From there on it becomes a blur, my memory fragments, and its not until my teen years that I really start remembering things again. I used to have these wicked dreams though, dreams where it felt like I was awake, but then I would wake up. It was always dreams about this one guy, being this one person. I went to school as him one time even. That was the day I stayed home and slept all day because I was really sick in junior high. It was just something really strange. I came up with a name for him even - Peter. Peter Holding. I gave him my last name because it was like I was him when I fell asleep. I thought though that Peter was a cool name, and so I just used it. It took a while, but then the people in the dreams that I met started calling me Peter, and so it stuck. 

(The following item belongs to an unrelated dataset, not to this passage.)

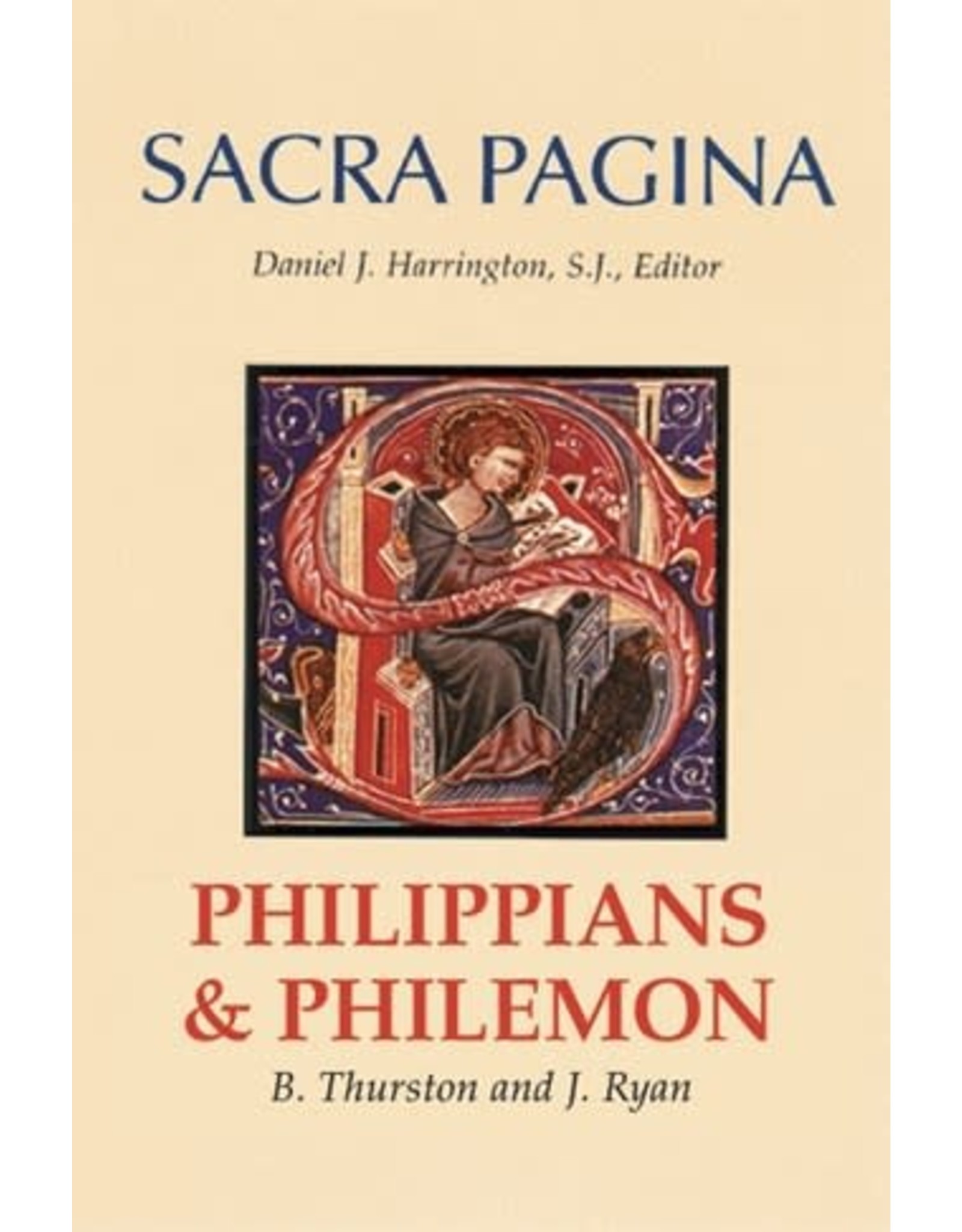 Liturgical Press Sacra Pagina: Philippians and Philemon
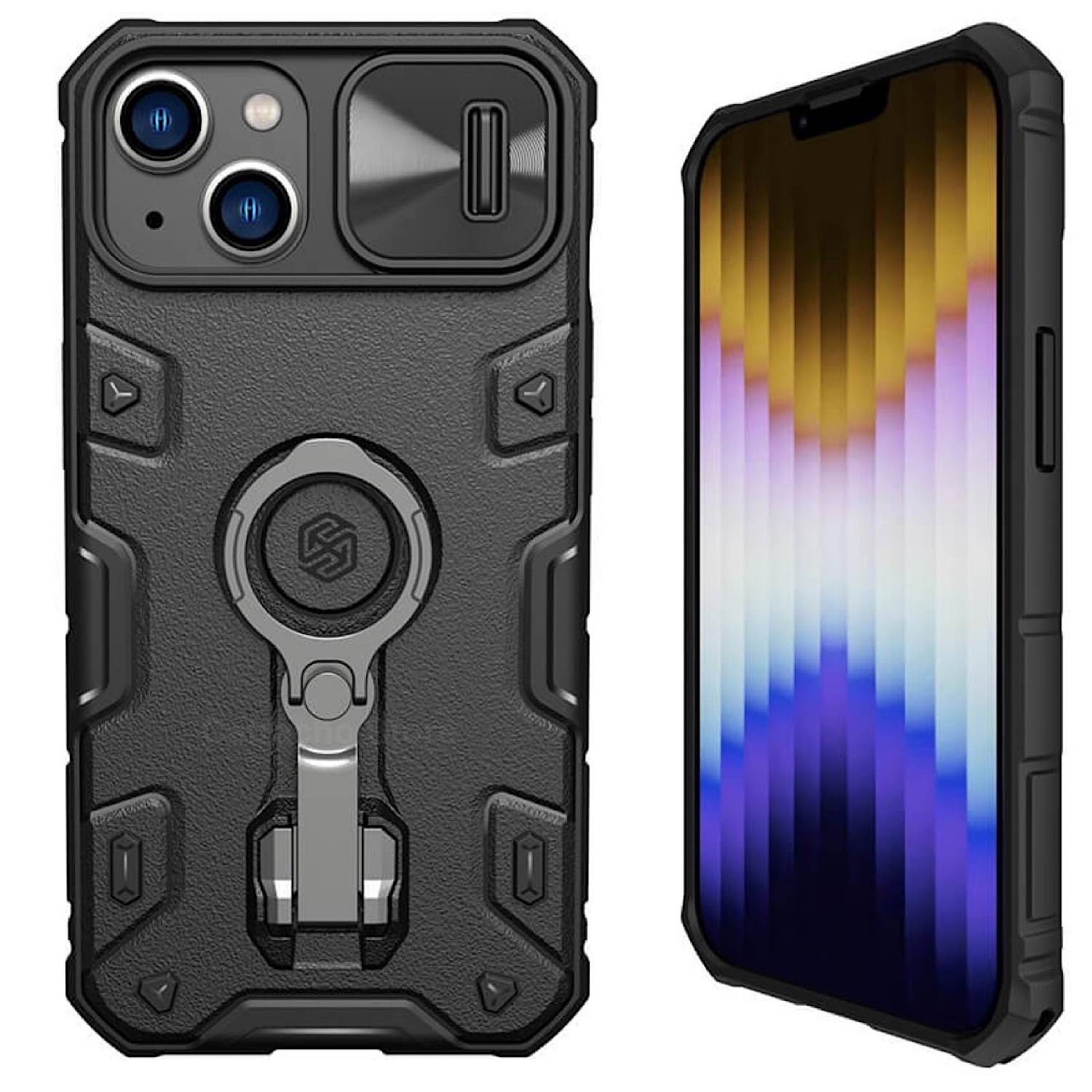 Carcasa Nillkin Armor Con Anillo Para iPhone 14 Plus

Then I got done with school, and I started going to work. I was going to go into counseling, but I finally discovered I just didn't feel comfortable talking to strangers about their problems. I had always been told I was a great listener, and so I thought it would be a great job for me, but turns out it wasn't. Since I dropped from the program around the time when I was about to intern with a local school I've become somewhat of a night owl. I don't get up much during the day, and I go out and hit up the clubs at night. I have a friend, Darren, who goes with me and sometimes we just bar hop all night long, staggering home at 5 in the morning just to fall asleep and then go about and do the same all over. The drinking helps though - it means I don't dream. I'm tired of dreaming of some Peter that has the job that I thought I was going to be good at, and who has a great life. Me, I'm just happy that theres money in the bank, and that I can go have fun, but I feel like something is missing. I can't figure out what it is though, and its just always there, nagging, constantly nagging, at the back of your brain, telling you that you know you know something, but you've forgotten what that something is, which makes it all the more horrible, because its something you need. 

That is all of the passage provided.